Stephen King famously hated the adaptation. I’m not a fan of the book, myself. Kubrick greatly improved upon a flawed source.

But Kubrick doesn’t give a shit about making a horror movie. And so I’m wondering now what I didn’t think to wonder thirty years ago, because I was having too much fun: What the fuck is he up to?

What I’m saying is, The Shining is camp. Imagine Kubrick directing Airplane. Or better yet, imagine Kubrick directing Airport.

@nojo: He did something similar with Spartacus and hinted at it with the mad CIA/Russian scientists etc in A Space Odyssey. He had a very sly sense of humor that often seemed to surface as camp genre references.

@nojo: And Amityville Horror like. Scatman was a nice touch. I haven’t seen The Shining since I was a kid. It might be worth another look.

Pet Semetery had some good spots. I think they switched it up some (ha!) and used an ancient Indian ceremonial area rather than a graveyard. The aerial view of the whateveritwas was pretty cool. It was nice to see Herman Munster get some work.

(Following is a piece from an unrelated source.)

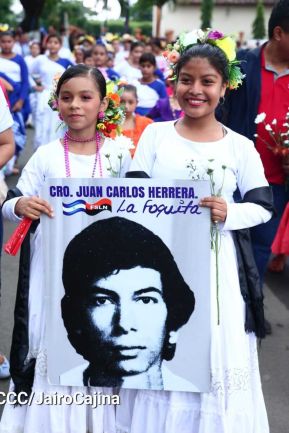 Conmemoración del inicio de la Insurrección Popular Sandinista y 47 años del Asalto al Cuartel de Masaya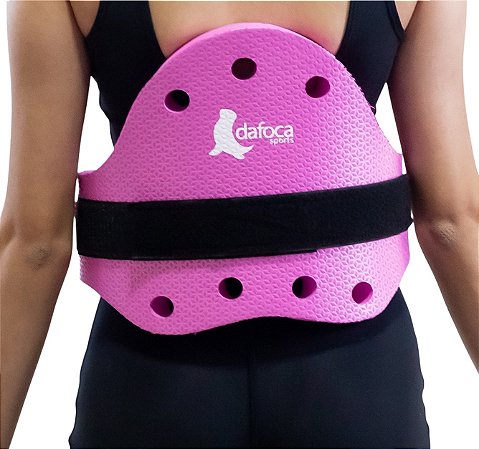 Colete Flutuante Para Hidroginástica Medida P 80Kg DF1200-RS Rosa  Dafoca Sports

I read King’s books until my 20s, defected to Grisham and Clancy for a nanosecond (loved all the Jane’s lingo), and then I got truly bored. I read the first three Dark Tower books — I think he stopped writing them because he had writers block, or maybe that was when he was hit by a van. I really like King’s Insomnia; it’s probably my favorite. I was disappointed when I saw the movie of the same name that had absolutely NOTHING to do with the novel.

@Benedick: I’m waiting for the chance to stand up in court and say “I am Spartacus.”

@Dodgerblue: Why wait? Just do it! On camera. Then I’ll say, “I am Trumbo.”